Le parole di Adilio offrono uno spaccato fortemente significativo della quotidianità della guerra e, nello specifico, dell’alimentazione, sebbene Adilio, in fin dei conti, non se la passava poi così male, sicuramente meglio di altri, con i contadini a disposizione a vendergli del latte (e forse anche del formaggio).

Il riferimento ai turchi è più che normale. La Turchia offrì il suo contributo, anche di soldati morti (oltre settecentomila), alla causa (persa).

Ma ciò che più mi ha fatto riflettere, leggendo la cartolina di Adilio nel suo ottimo italiano, è stato il pensiero che Adilio, di fatto italiano, avrebbe combattuto contro altri fratelli italiani sulla carta nemici.
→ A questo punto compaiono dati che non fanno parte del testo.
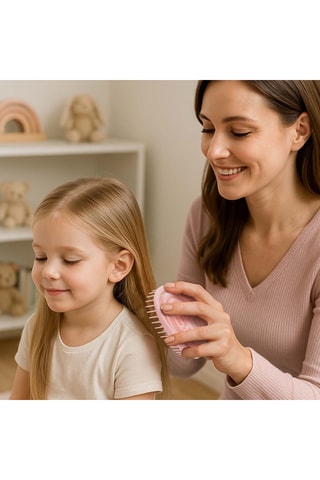 Cepillo para el pelo Beautifly HA-9 - Rosa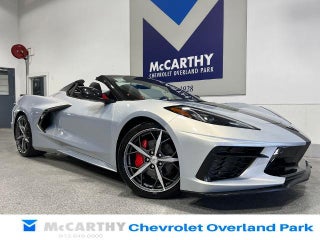 2021 Chevrolet Corvette Stingray 2LT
Ho sempre ritenuto che i confini tra popoli non siano mai quelli geografici. Quelli sono linee tirate dalla politica e dai vincitori delle guerre. I confini tra popoli, a mio avviso, sono quelli storici e linguistici. Se due persone di due Stati diversi parlano la stessa lingua, ho molta difficoltà a ritenerli stranieri.

Allo stesso modo qui, con questa cartolina.
Ricordate cosa accadde la Vigilia di Natale, nel 1914, dopo cinque mesi di guerra e già un milione di morti?
Christmas truce, Weihnachtsfrieden, Trêve de Noël, Tregua di Natale.

Il fronte occidentale fu scosso da un desiderio di pace, di normalità, di un pallone tirato a calci verso porte improvvisate da cappotti, di cioccolato scambiato con un bicchiere di vodka.
Per un tratto non furono più nemici, per un tratto furono semplicemente uomini.
E io, non so perché, ma Adilio me lo sono immaginato così, un di quelli che dalla trincea uscì fuori per andare a stringere la mano al soldato nemico, un italiano come lui, un uomo come lui.